Le premier secrétaire avait tout gagné. Le président est en passe de tout perdre. Après des municipales dévastatrices, qui avaient laissé la gauche délestée de quelque 150 villes de plus de 9 000 habitants en mars 2014, le second tour des élections départementales, avec 28 départements perdus, dimanche 29 mars, a aggravé la saignée, annonçant un scrutin régional du même acabit.
En décembre, François Hollande pourrait bien avoir liquidé la majeure partie des positions de pouvoir tenues par la gauche dans les collectivités territoriales. C’est sur la conquête de celles-ci qu’il avait édifié onze ans durant, à la tête du PS, la rampe de lancement de ses ambitions présidentielles.
«Depuis François Mitterrand, les élections intermédiaires ne sont jamais favorables au pouvoir en place, et François Hollande n’est pas un cas particulier. Nicolas Sarkozy avait perdu les municipales, les cantonales par deux fois et les régionales», se défend-on à l’Elysée. La grande différence avec ses prédécesseurs, toutefois, tient précisément au fait que M. Hollande en personne, aux commandes de la Rue de Solferino, les avait alors toutes remportées, ou presque. Et qu’aucun candidat n’avait à ce point construit dans l’opposition avant de détruire, au pouvoir, ce qu’il avait façonné. «C’est un classique, avait confié M. Hollande à un proche après le premier tour. Chirac président avait tout perdu, parce que j’avais tout gagné.» C’est donc désormais son tour. Mais l’affaire dépasse, en ce qui le concerne, la loi d’airain des alternances locales et des élections intermédiaires. Sous son règne, la gauche avait remporté 20 régions sur 22 en 2004.

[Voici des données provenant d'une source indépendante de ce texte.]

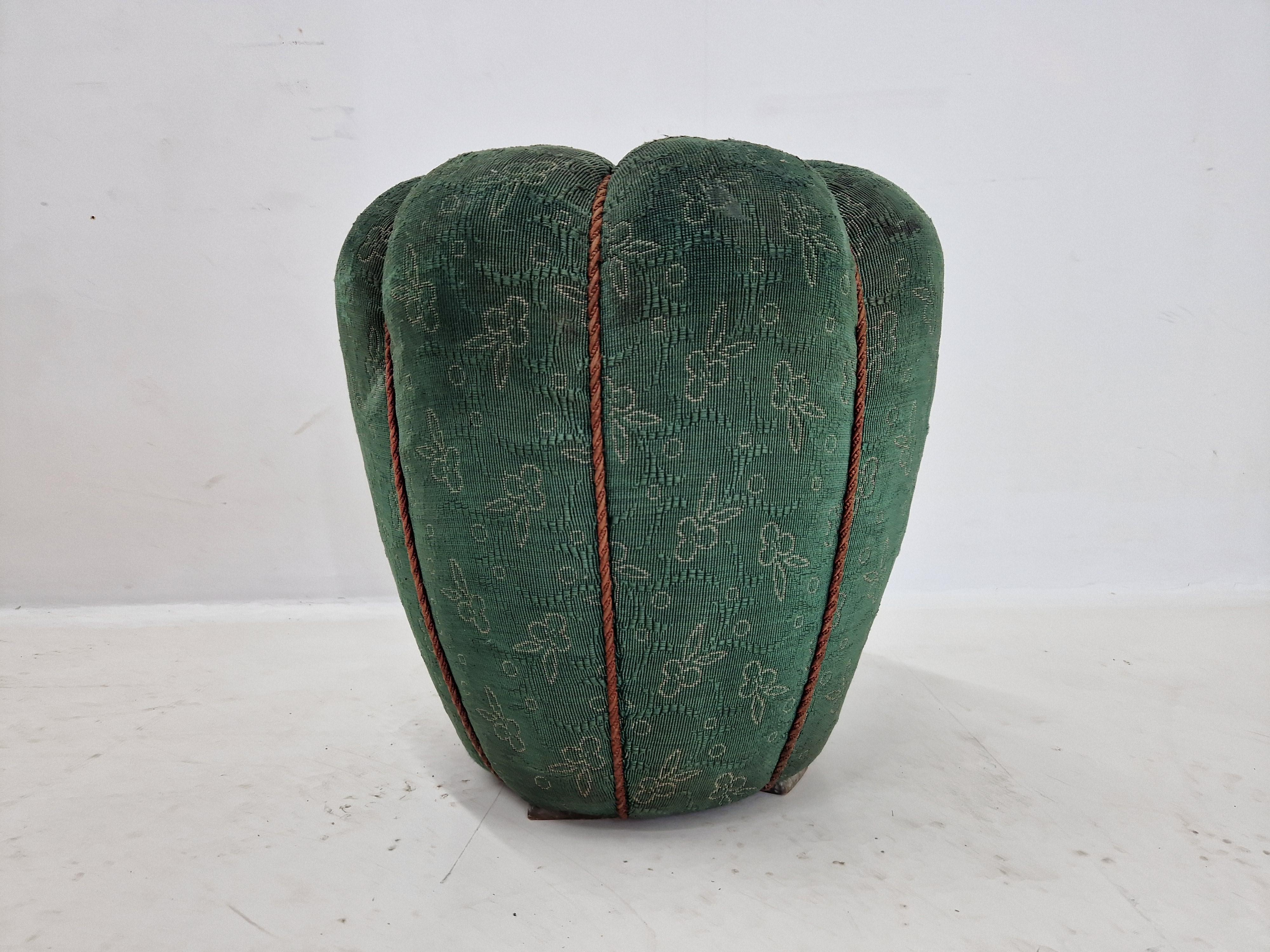 Tabouret oder Fußhocker aus der Jahrhundertmitte / Art Deco, Jindřich Halabala, 1960er Jahre (Art déco) im Angebot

Elle avait conservé ses bastions et même enregistré une progression notable aux municipales de 2008. Et elle avait consolidé son avance, avec 58 départements contre 42 à la droite, aux cantonales de 2008 (Mayotte n’était pas encore un département). Un grand chelem électoral qui avait permis au premier secrétaire du PS de faire fructifier son capital politique dans un parti d’élus et de collaborateurs, aux yeux desquels seule la victoire est belle. A la tête du parti, François Hollande avait arpenté les Fêtes de la rose, tissé ses réseaux dans les fédérations, soigné les barons, dont il se disait que la préservation de leurs mandats locaux leur importait davantage que la conquête d’un pouvoir national qui, immanquablement, leur coûterait les leurs. Il y avait gagné le soutien de l’appareil, au point de l’emporter au soir des primaires, en octobre 2011.
«Une longue marche»
Lui président, nombre des principaux fiefs départementaux du PS sont balayés : le Nord de Martine Aubry, la Seine-Maritime de Laurent Fabius, l’Essonne de Manuel Valls, les Bouches-du-Rhône, autant de fédérations historiques. Jusqu’au symbole des symboles, la chute de la Corrèze, dont la conquête en 2008 et la conservation en 2011 avaient contribué à la construction de la légitimité du candidat Hollande. Si le président, par nature, n’est pas homme à méditer trop avant sur les phénomènes de grandeur et de décadence, mais plutôt à expliquer cette dernière par les vicissitudes mécaniques de l’exercice du pouvoir national, il n’a pas manqué de constater, en expert de la carte électorale, la disparition de la gauche, en particulier dans le Var, les Alpes-Maritimes, la Haute-Savoie et l’Alsace. «Le PS a été construit sur une base nationale. Il doit absolument se réinstaller dans ces départements-là. C’est une longue marche», a-t-il confié à un visiteur. Sans doute pensait-il à celle qu’il avait conduite à la tête du PS, à une époque où celui-ci gagnait.